Task: Please transcribe only the lines from the one holding "Dai-ikkyō (第一教) aka" through the final line of the data, both included, with no pictures.

Short web captions:

______________________________

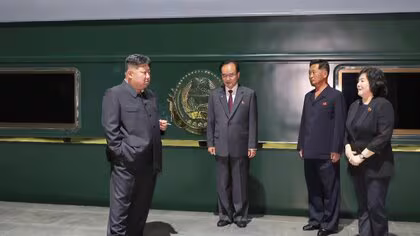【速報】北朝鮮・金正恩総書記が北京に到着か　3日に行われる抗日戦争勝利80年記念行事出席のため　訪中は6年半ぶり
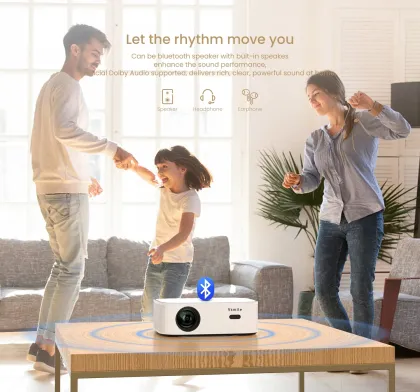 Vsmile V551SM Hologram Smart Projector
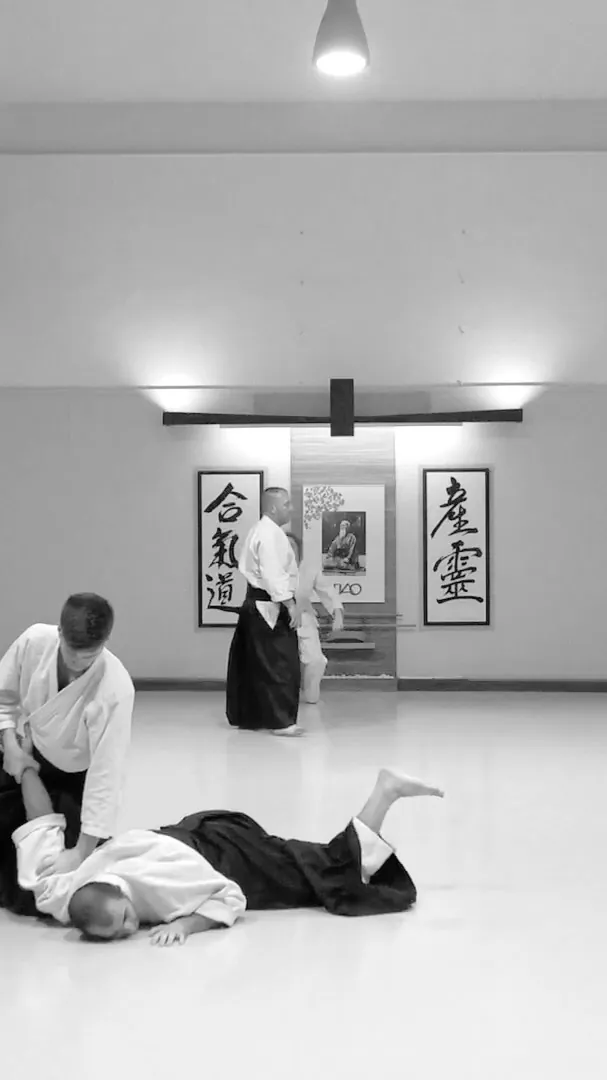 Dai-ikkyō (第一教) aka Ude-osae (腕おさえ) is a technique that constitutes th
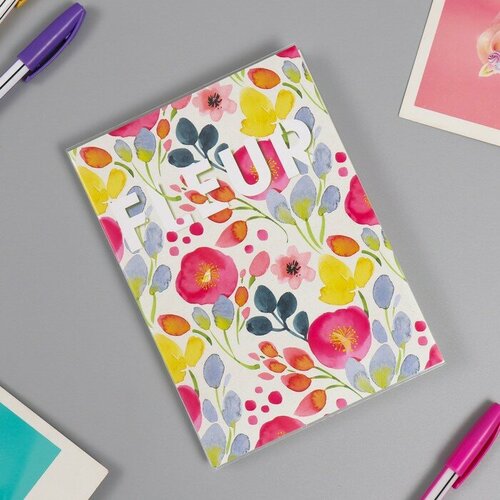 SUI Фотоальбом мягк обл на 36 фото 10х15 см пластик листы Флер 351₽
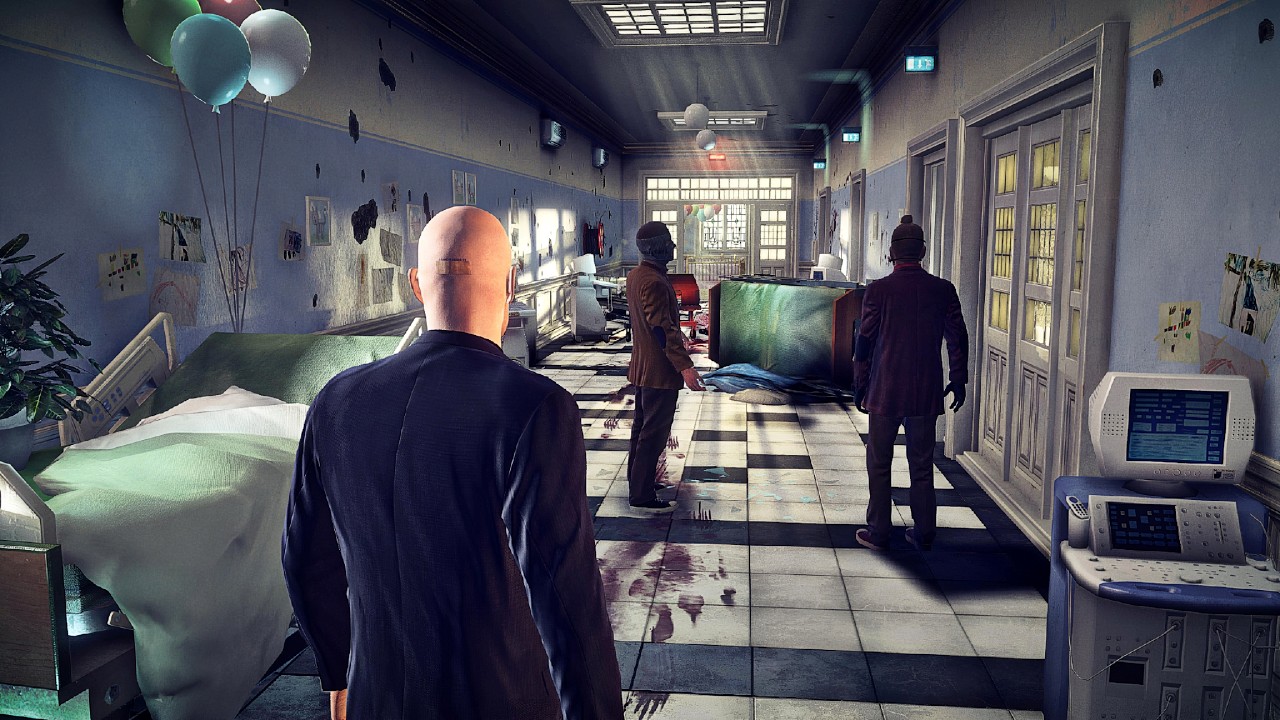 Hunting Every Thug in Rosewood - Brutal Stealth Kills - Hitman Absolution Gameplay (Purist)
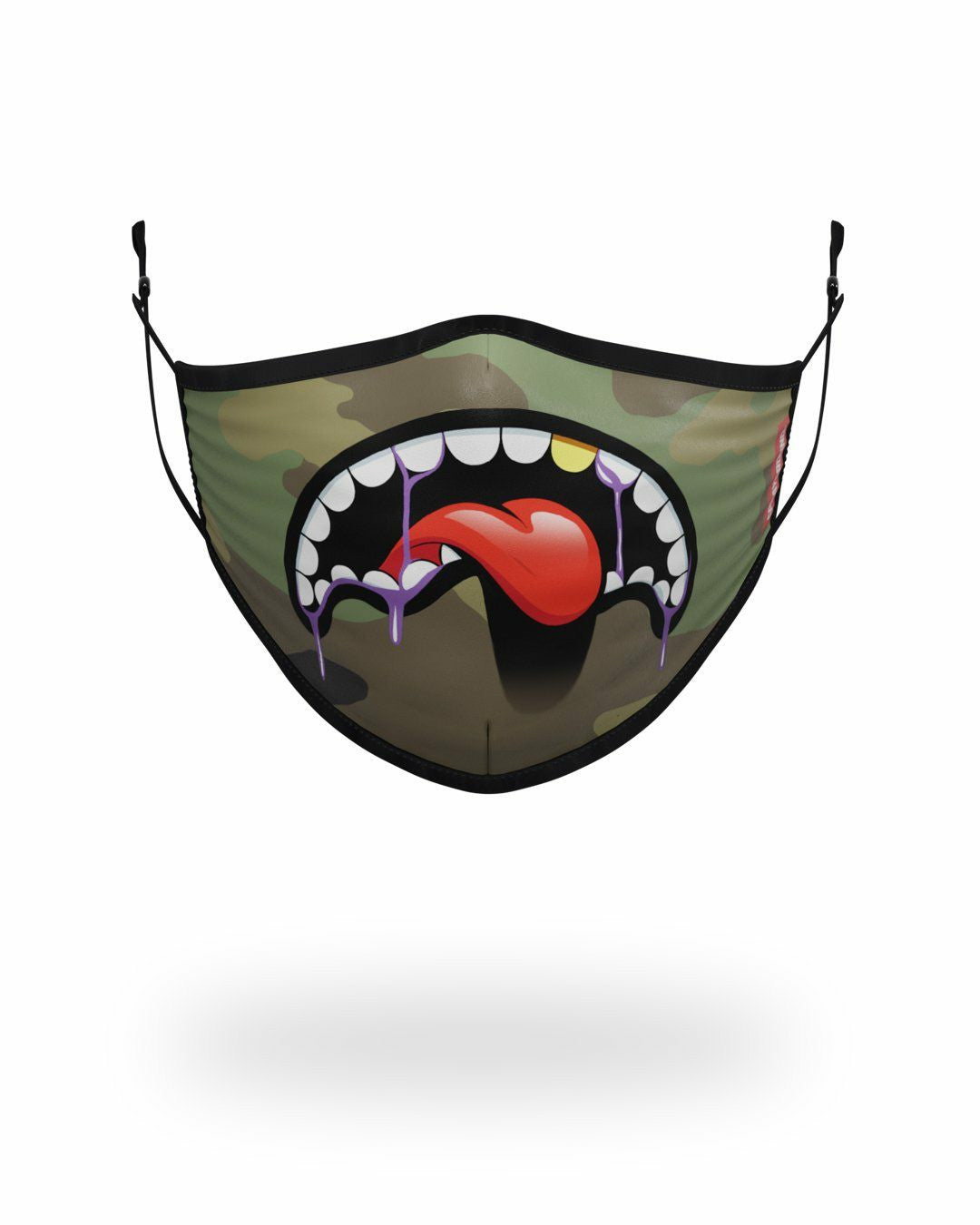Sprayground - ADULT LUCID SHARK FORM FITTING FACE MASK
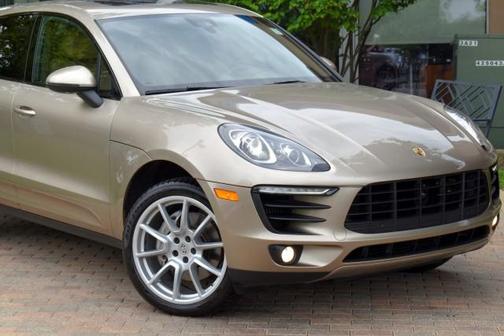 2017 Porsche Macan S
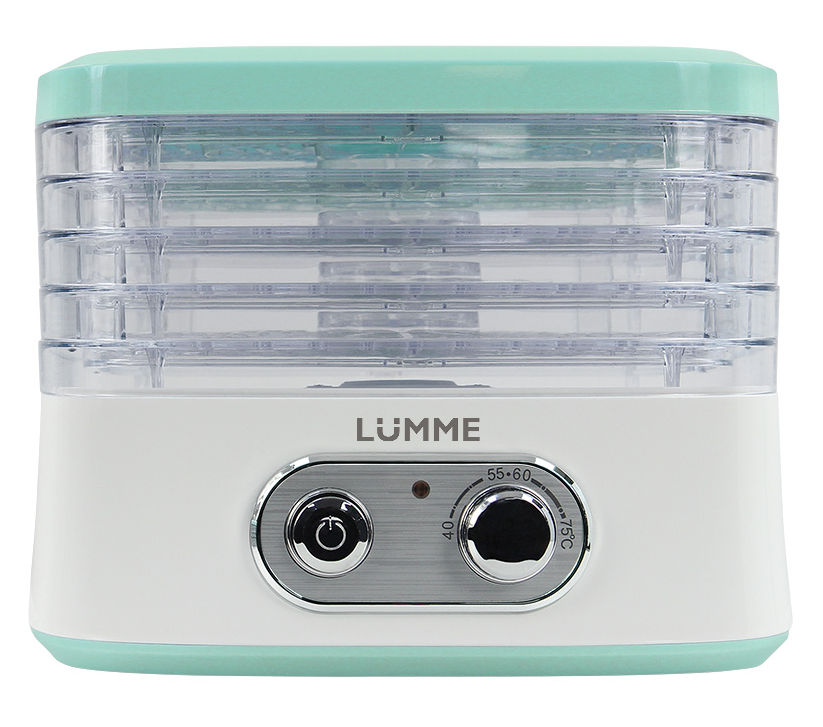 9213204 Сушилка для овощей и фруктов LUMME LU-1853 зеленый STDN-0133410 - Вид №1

______________________________

Result for this task:
 Dai-ikkyō (第一教) aka Ude-osae (腕おさえ) is a technique that constitutes th
 SUI Фотоальбом мягк обл на 36 фото 10х15 см пластик листы Флер 351₽
 Hunting Every Thug in Rosewood - Brutal Stealth Kills - Hitman Absolution Gameplay (Purist)
Sprayground - ADULT LUCID SHARK FORM FITTING FACE MASK
 2017 Porsche Macan S
 9213204 Сушилка для овощей и фруктов LUMME LU-1853 зеленый STDN-0133410 - Вид №1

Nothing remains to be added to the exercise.